I looked at the conveyor belt of avocados that were rolling around as Fox tried to gather them and keep them from hitting the ground. “Um…it appears there’s an avocado shortage.”

“An avocado shortage?” a woman called out from the line behind me.

“Well, technically, it’s not a shortage. It’s more like a run on a bank.”

“What bank?” the man behind her said, his voice laced with panic. “It better not be First National!”

Wow, that didn’t come across the way I expected. “It’s not really a run on a bank. I was comparing a run on a bank with avocados. See, this man is buying all the avocados.”

“But why?”

I didn’t even know who shouted that. “Because of the avocado wars in Mexico.”

“Harper, your job is not to spread social awareness about the avocado wars.

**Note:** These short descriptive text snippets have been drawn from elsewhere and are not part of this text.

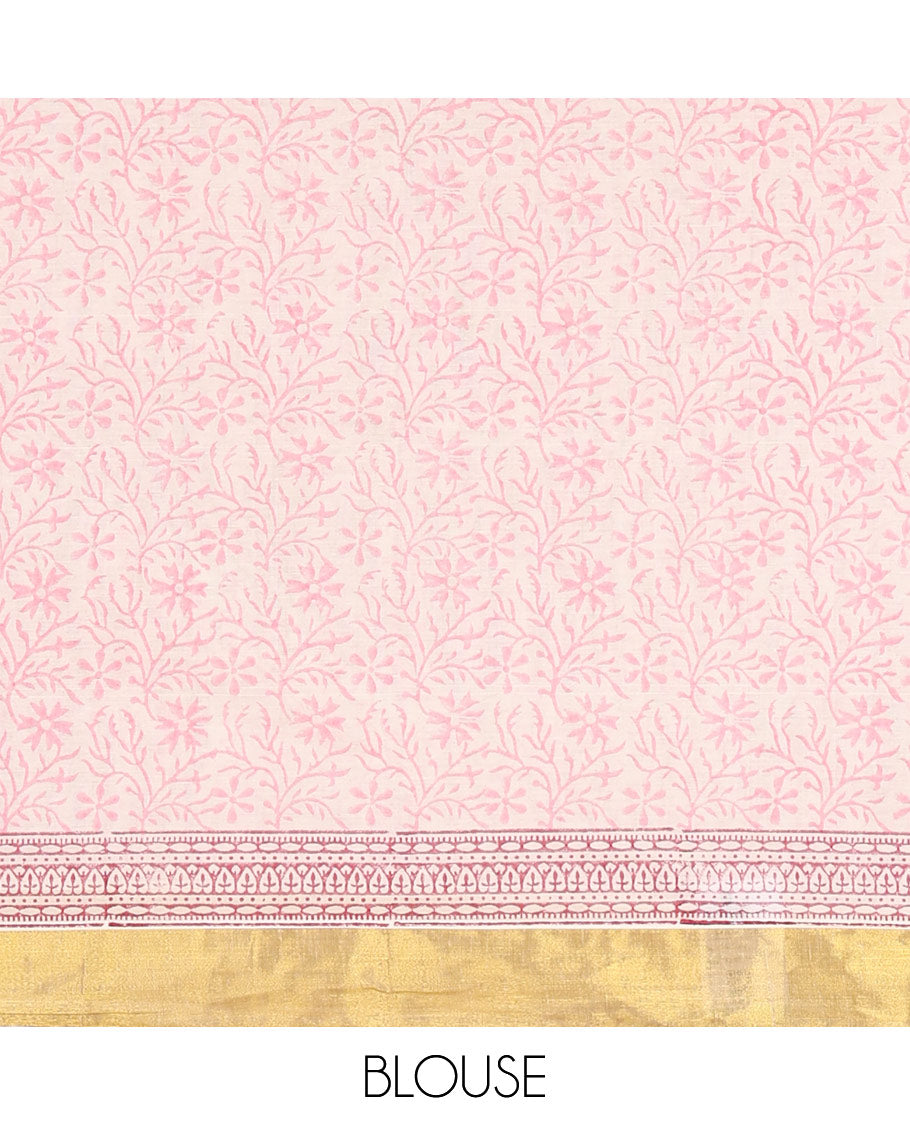 Cream Kerala Cotton Saree, Adorned with Floral Buttas All Over Its Body, Highlighted by Golden Zari Border, Pallu Depicts the Same Floral Print, and Paired with a Matching Floral Printed Blouse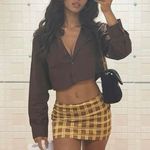 With Jean  Miles Plaid Mini Skirt In Cher Yellow Size XS Photo 0
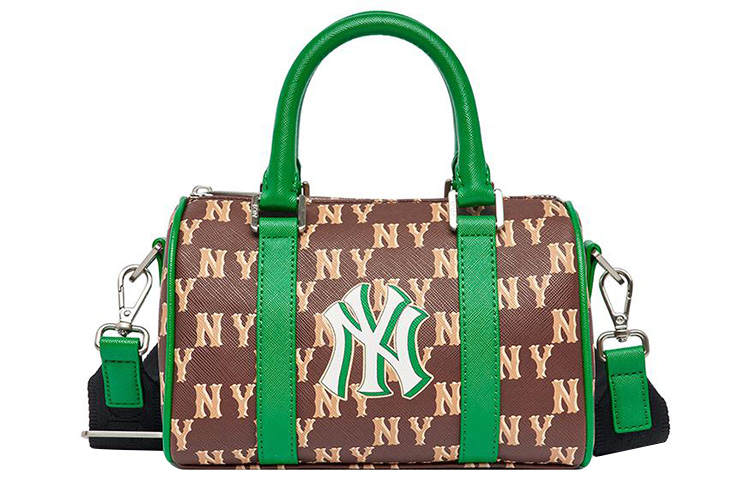 MLB New York Yankees Artificial Leather Pillow Bag, Boston Bag, One Shoulder Handbag Small Unisex Green & Brown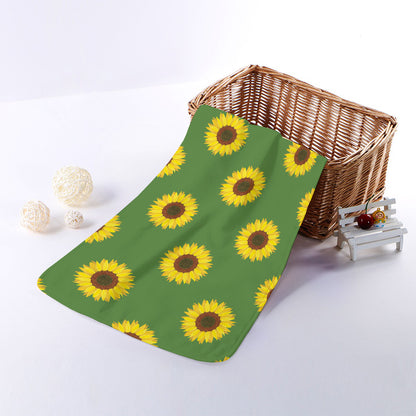 Green Sunflower Pattern Print Towel
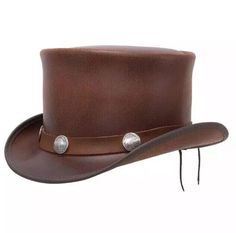 Description: Elevate your costume or everyday style with our Brown Leather Top Hat featuring a striking buffalo band. This steampunk-inspired hat combines gothic elements with rugged elegance, making it an ideal accessory for Halloween, cosplay events, or gothic gatherings. Crafted from high-quality leather, this hat is both durable and stylish, offering a unique blend of sophistication and edge. Stand out from the crowd and make a bold fashion statement with this distinctive brown leather top h Black Satin Top, Leather Top Hat, Steampunk Top, Victorian Elegance, Brown Leather Top, Steampunk Top Hat, Bold Aesthetic, Halloween Hat, Skull Hat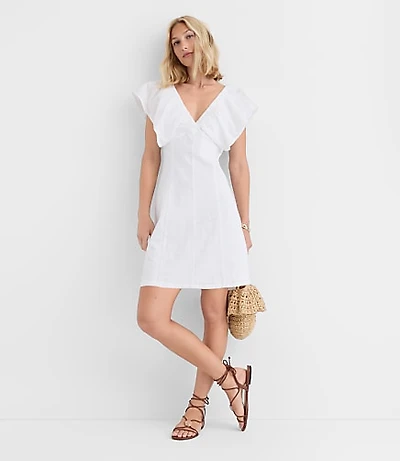 Petite Paisley Embroidered Double V Mini Dress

You are simply supposed to scan the items, bag them, and take the customer’s money!”

“Hey, I didn’t start this conversation. I’m merely explaining why all the avocados are disappearing.”

“Shouldn’t there be a limit on the number he can buy?” a woman asked. “What if I want to make my famous salad? How am I supposed to do that now?”

“Then I guess you should have bought them sooner!” Fox yelled at the growing line.

“He can’t just take all the avocados! Other people need them!”

“Actually, you need things like toilet paper and water,” Fox corrected, then snorted. “Can you imagine if there was a run on toilet paper? Now, that would be hilarious.”

“What about the toilet paper?” an old gentleman asked. “There’s no more?”

“There’s no more toilet paper?” someone shrieked.

My boss raised his arms, trying to quiet down the chaos. “Everyone, I can assure you there’s plenty of toilet paper!”

“I’m getting mine now!”

“I only have two rolls left at home!”

“The next store isn’t for another fifteen miles!”

A stampede of elderly and young alike raced out of the line and toward the back corner of the grocery store where the toilet paper was located. Shelves were knocked over, women and children were screaming, Little Debbie Snack Cakes were crushed under the boot of the working man. Just as quickly as the line had backed up, there was now no one here aside from my fantasy man and his insane avocado friend.

And my boss, who was glaring daggers at me.

“Harper?”

I winced at the bite in his voice. “Yes?”